- [What to produce]: Below are records. Transcribe exactly the lines from the one that contains "2013 BMW M5" through the last line, leaving any pictures out.

- [Information provided]:
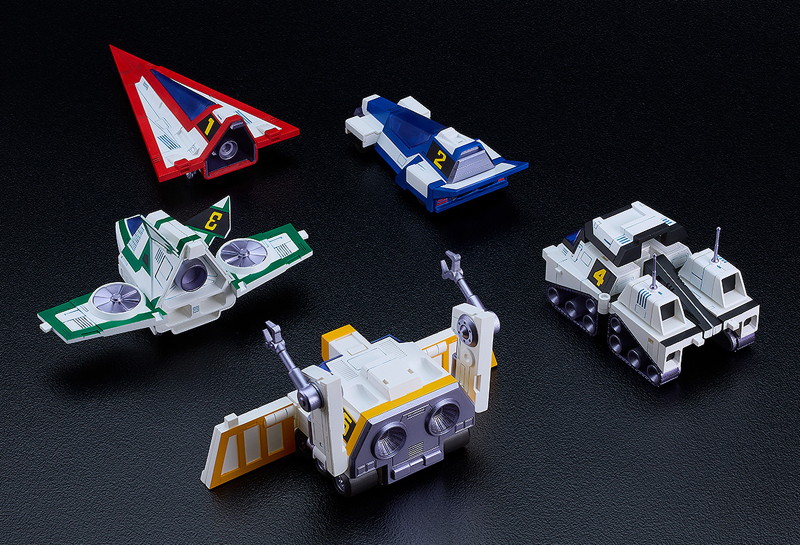 MODEROID ガッチャスパルタン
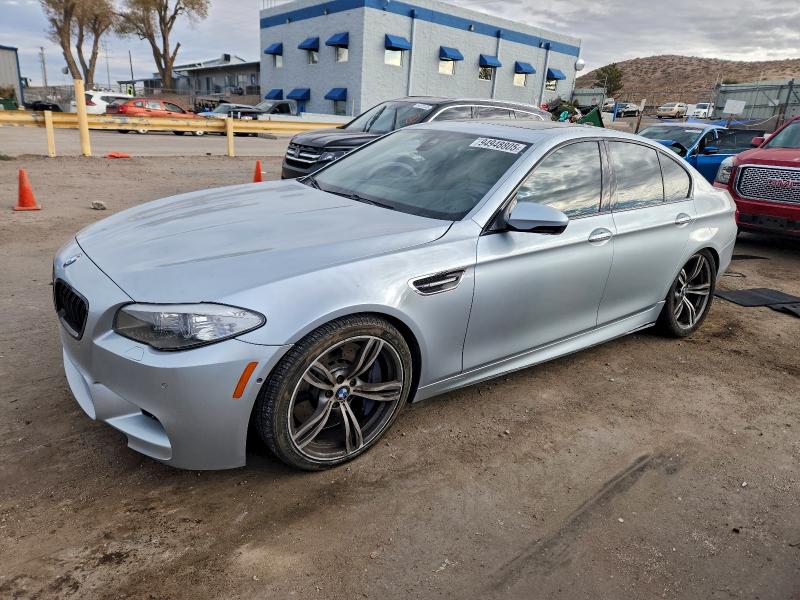 2013 BMW M5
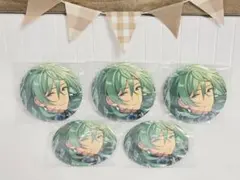 ✽あんスタ✽　風早巽　コレクション缶バッジ　５点　2025 Dec.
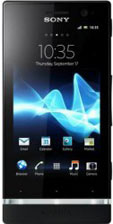 Sony LT22i Xperia P Black
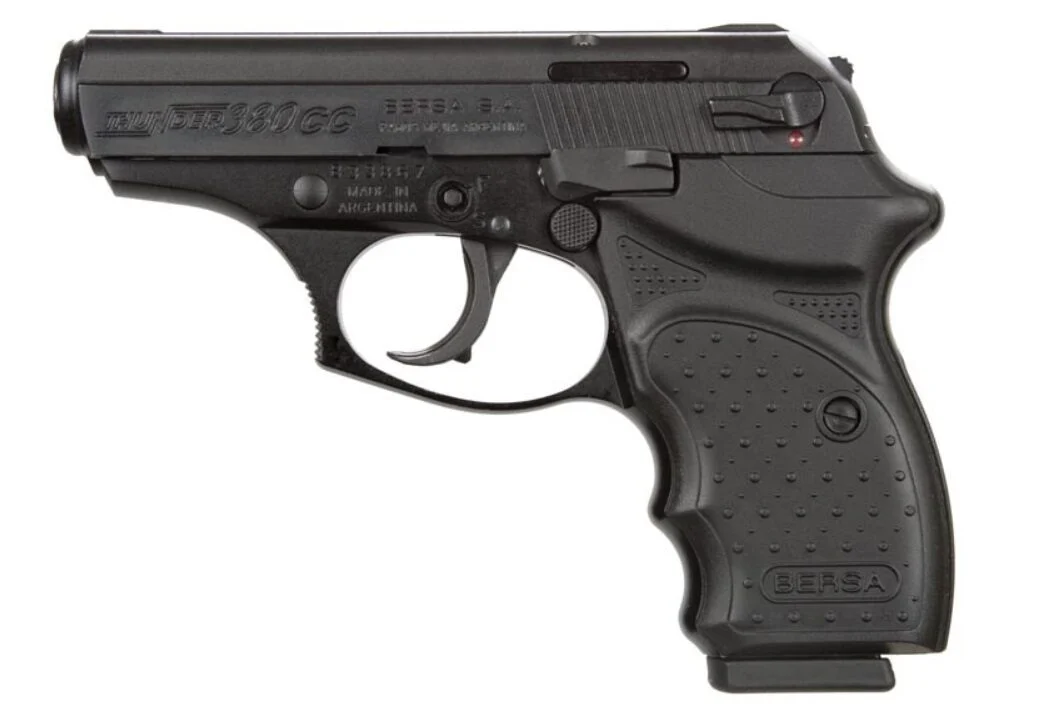 BERSA THUNDER 380 MT LITE 380ACP CC 1 BERSA THUNDER 380 MT LITE 380ACP CC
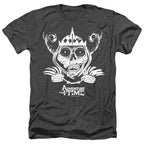 Adventure Time Skull Face T-Shirt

- [Response to this exercise]:
 2013 BMW M5
 ✽あんスタ✽　風早巽　コレクション缶バッジ　５点　2025 Dec.
 Sony LT22i Xperia P Black
 BERSA THUNDER 380 MT LITE 380ACP CC 1 BERSA THUNDER 380 MT LITE 380ACP CC
 Adventure Time Skull Face T-Shirt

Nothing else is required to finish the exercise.